Once inside we shared a round of shots before heading to the dance floor. After several songs Linc joined us, I was thrilled things had returned to normal between us. We danced for over an hour before he received a call and left to meet friends at another club. What was with me tonight? All my dance partners were being called away. I spotted Sam and Robbie a few feet away where they were intently practicing for their endeavors later in the evening. Deciding to give them alone time, I waved to Sam, pointing to the bar to indicate where they could find me later. She nodded her understanding and went back to checking Robbie for cavities.
I found a stool at the far end of the bar next to the wall, which provided a little breathing room from the crush. Griffin waved the universal sign for ‘just a minute.’ True to his word, he was standing in front of me shortly thereafter.
“What is up, pretty lady? Where’s the rest of your crew?”
“Sam and Robbie are
dancing. I lost Hunter to a work crisis before he even made it inside. Then I lost Linc to another club; apparently my man repellent is working. I was ready for a break, so I figured I would set up shop here and people watch.”
“Good plan. Do you want a drink?”
“A mojito and a water, thanks.”
When Griff returned with my drink, I took a sip and hummed my approval.
“Everything worked out with Hunter?”
“Eh, sort of. I did talk to him, as I promised, and I was right. He wants me but he doesn’t want me. He could only offer me friendship.”
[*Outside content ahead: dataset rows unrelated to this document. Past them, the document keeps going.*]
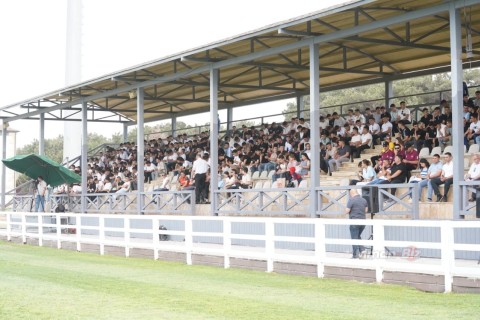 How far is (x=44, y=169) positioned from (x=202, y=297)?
22.0 meters

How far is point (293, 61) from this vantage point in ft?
91.0

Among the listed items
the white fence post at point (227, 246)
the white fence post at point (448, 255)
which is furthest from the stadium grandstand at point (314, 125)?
the white fence post at point (448, 255)

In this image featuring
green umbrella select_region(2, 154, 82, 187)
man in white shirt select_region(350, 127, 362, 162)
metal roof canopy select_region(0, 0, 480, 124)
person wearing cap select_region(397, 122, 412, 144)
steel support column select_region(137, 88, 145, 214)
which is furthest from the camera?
green umbrella select_region(2, 154, 82, 187)

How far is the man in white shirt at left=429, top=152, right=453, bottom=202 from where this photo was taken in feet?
61.6

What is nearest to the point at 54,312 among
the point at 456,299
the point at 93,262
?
the point at 456,299

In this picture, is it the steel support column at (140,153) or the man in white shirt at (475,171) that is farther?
the steel support column at (140,153)

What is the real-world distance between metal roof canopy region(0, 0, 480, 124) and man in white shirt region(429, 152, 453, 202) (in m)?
3.18

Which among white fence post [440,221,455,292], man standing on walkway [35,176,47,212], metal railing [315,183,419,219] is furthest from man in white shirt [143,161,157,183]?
white fence post [440,221,455,292]

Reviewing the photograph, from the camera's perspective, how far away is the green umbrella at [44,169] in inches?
1297

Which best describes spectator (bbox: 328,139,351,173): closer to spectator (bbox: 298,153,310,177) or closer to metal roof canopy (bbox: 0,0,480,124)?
spectator (bbox: 298,153,310,177)

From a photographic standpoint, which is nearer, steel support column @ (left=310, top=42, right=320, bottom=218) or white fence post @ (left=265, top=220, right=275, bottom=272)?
white fence post @ (left=265, top=220, right=275, bottom=272)

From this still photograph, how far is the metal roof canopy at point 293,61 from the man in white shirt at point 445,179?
3176 millimetres

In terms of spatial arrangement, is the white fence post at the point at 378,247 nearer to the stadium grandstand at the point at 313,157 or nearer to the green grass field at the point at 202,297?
the stadium grandstand at the point at 313,157

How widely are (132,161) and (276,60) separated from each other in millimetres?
13558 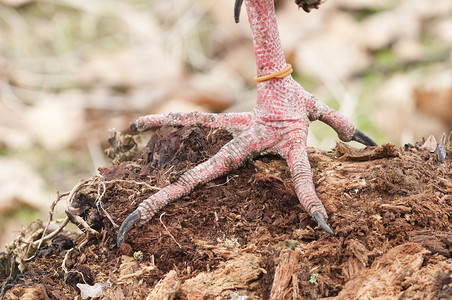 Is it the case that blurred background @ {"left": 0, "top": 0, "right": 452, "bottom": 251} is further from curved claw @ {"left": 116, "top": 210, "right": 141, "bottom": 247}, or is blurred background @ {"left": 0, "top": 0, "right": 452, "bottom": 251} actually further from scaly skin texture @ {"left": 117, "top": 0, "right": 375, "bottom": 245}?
curved claw @ {"left": 116, "top": 210, "right": 141, "bottom": 247}

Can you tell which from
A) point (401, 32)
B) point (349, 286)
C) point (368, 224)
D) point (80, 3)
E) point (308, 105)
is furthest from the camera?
point (80, 3)

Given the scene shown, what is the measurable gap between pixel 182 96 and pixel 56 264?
10.8ft

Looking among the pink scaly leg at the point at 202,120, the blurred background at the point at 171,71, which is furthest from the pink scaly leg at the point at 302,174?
the blurred background at the point at 171,71

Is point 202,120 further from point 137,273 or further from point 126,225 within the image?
point 137,273

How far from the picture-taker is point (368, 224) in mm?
1486

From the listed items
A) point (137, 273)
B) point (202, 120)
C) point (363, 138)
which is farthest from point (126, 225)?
point (363, 138)

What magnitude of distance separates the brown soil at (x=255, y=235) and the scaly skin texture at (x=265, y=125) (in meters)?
0.04

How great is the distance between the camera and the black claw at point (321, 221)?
1448mm

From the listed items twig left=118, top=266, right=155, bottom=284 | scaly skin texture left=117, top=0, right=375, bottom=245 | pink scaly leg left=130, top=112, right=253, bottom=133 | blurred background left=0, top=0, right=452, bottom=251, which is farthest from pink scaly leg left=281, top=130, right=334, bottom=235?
blurred background left=0, top=0, right=452, bottom=251

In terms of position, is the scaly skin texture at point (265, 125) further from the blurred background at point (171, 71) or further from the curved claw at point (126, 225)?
the blurred background at point (171, 71)

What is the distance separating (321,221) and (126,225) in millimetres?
596

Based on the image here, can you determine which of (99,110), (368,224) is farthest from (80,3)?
(368,224)

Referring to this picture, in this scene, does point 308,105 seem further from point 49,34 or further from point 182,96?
point 49,34

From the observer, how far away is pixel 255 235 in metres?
1.55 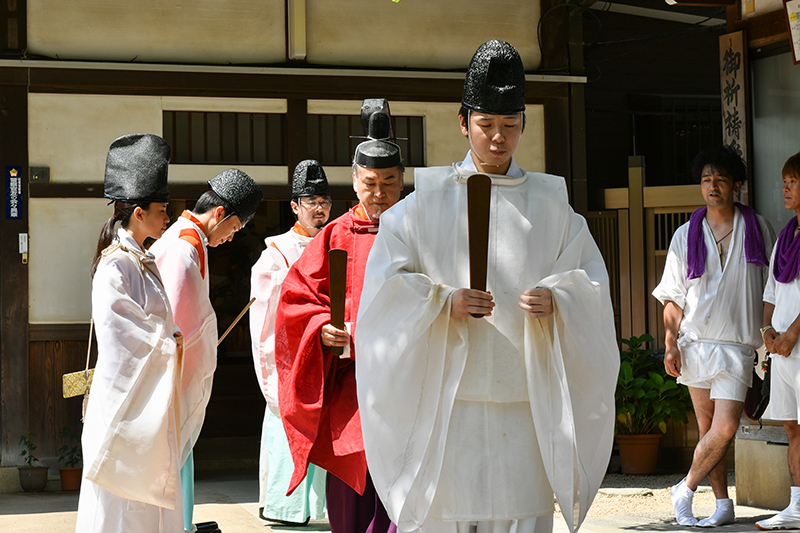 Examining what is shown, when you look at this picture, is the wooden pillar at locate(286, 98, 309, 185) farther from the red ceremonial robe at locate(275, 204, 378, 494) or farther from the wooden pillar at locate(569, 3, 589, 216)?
the red ceremonial robe at locate(275, 204, 378, 494)

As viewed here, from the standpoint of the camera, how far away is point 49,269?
7.74m

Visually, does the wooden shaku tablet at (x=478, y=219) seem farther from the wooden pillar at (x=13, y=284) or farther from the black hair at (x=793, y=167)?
the wooden pillar at (x=13, y=284)

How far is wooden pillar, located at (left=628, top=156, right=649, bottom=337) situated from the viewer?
9078mm

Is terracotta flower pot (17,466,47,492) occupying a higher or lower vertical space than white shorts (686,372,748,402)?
lower

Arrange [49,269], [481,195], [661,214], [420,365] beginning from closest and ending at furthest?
[481,195], [420,365], [49,269], [661,214]

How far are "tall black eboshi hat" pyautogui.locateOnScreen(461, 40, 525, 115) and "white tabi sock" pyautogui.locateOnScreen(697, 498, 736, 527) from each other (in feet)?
11.5

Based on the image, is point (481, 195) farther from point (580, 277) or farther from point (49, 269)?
point (49, 269)

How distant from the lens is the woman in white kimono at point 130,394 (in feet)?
12.8

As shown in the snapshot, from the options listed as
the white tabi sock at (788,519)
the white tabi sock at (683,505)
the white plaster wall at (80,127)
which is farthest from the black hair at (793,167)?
the white plaster wall at (80,127)

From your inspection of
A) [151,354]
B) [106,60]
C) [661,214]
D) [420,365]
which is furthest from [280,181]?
[420,365]

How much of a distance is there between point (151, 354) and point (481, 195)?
176cm

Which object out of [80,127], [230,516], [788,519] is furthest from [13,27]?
[788,519]

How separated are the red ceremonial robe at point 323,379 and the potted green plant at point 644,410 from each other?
162 inches

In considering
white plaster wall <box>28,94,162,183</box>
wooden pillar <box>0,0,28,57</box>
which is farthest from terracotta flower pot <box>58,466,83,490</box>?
wooden pillar <box>0,0,28,57</box> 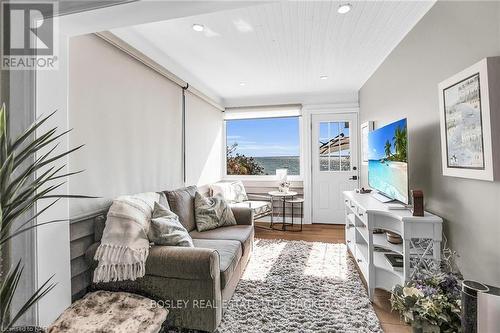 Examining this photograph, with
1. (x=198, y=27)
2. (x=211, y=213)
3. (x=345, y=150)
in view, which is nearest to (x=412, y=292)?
(x=211, y=213)

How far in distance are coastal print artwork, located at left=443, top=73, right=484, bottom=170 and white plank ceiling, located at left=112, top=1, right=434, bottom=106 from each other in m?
0.91

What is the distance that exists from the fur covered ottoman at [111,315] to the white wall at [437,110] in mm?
2046

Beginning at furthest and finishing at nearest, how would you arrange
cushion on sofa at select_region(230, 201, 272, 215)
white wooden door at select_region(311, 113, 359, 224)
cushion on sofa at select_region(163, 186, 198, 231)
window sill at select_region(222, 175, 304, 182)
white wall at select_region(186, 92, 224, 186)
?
1. window sill at select_region(222, 175, 304, 182)
2. white wooden door at select_region(311, 113, 359, 224)
3. cushion on sofa at select_region(230, 201, 272, 215)
4. white wall at select_region(186, 92, 224, 186)
5. cushion on sofa at select_region(163, 186, 198, 231)

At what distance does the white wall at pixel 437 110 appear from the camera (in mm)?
1483

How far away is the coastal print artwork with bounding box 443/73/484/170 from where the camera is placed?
4.85 feet

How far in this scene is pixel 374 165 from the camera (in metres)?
2.93

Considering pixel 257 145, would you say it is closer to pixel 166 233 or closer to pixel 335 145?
pixel 335 145

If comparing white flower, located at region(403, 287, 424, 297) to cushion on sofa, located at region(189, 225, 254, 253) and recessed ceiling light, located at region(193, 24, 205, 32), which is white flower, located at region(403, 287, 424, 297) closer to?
cushion on sofa, located at region(189, 225, 254, 253)

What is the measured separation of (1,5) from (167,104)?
1665 millimetres

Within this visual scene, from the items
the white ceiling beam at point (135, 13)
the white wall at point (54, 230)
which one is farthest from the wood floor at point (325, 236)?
the white ceiling beam at point (135, 13)

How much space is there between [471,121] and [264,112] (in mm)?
3558

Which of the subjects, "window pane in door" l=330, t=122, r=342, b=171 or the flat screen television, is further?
"window pane in door" l=330, t=122, r=342, b=171

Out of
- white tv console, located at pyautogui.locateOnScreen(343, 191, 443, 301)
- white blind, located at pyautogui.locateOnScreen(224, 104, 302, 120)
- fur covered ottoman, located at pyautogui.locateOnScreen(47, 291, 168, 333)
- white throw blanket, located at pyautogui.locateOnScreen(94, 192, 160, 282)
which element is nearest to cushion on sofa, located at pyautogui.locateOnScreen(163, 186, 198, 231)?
white throw blanket, located at pyautogui.locateOnScreen(94, 192, 160, 282)

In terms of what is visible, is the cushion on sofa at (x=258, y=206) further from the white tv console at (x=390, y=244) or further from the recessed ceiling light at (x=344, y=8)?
the recessed ceiling light at (x=344, y=8) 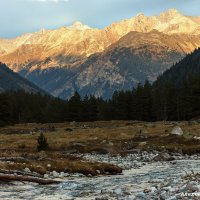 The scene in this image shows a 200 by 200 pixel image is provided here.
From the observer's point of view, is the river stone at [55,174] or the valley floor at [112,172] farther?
the river stone at [55,174]

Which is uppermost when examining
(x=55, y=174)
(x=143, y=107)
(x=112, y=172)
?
(x=143, y=107)

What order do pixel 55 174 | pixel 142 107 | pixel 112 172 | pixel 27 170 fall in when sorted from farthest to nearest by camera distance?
pixel 142 107 < pixel 112 172 < pixel 55 174 < pixel 27 170

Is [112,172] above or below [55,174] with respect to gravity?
below

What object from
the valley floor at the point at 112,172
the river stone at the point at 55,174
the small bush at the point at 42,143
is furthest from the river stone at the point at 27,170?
the small bush at the point at 42,143

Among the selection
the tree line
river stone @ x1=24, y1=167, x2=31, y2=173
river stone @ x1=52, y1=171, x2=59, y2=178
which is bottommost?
river stone @ x1=52, y1=171, x2=59, y2=178

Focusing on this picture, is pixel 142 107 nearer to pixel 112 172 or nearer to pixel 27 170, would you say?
pixel 112 172

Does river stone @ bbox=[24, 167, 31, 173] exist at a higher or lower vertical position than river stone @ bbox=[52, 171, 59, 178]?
higher

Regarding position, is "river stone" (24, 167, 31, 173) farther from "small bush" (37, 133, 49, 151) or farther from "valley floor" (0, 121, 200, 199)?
"small bush" (37, 133, 49, 151)

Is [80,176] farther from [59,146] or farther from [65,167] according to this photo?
[59,146]

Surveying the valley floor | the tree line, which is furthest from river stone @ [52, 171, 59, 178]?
the tree line

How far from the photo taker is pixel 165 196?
14195 millimetres

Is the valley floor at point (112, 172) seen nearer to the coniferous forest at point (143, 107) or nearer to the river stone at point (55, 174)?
the river stone at point (55, 174)

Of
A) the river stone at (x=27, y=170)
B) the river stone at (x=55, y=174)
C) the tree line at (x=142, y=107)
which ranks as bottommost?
the river stone at (x=55, y=174)

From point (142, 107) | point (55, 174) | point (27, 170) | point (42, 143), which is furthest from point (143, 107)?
point (27, 170) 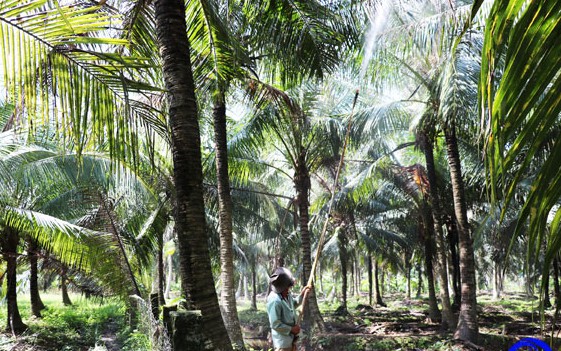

“Are you okay with that option?”
“Do I have a choice? I think it’s too late for a lifelong friendship. I have alternative plans.”
Griffin shook his head and laughed at me.
“Don’t tell me, let me guess—you’ve realized you’re in love with him but you can’t have him. It’s an impossibility to remain best friends with someone you’re in love with, so you’re throwing caution to the wind and luring him into bed to enjoy your wares, before running in self-preservation.”
Damn, he was accurate and succinct.
“That’s it in a nutshell. You’re good at this.”
“I know,” he smiled at my compliment, “it’s easier to have perspective when you aren’t emotionally involved. Okay, back to the masses. I will come check on you later. Holler if you need me.”
“Will do.”
I spent the next half hour watching couples fight, girlfriends dance drunk, and guys strikeout. It was as entertaining as any reality show. Any more spray tans and we would be entering ‘Jersey Shore’ territory. I was beginning to get restless when a steel arm banded around me, pulling me back against an unforgiving body, nearly causing me to fall off my stool.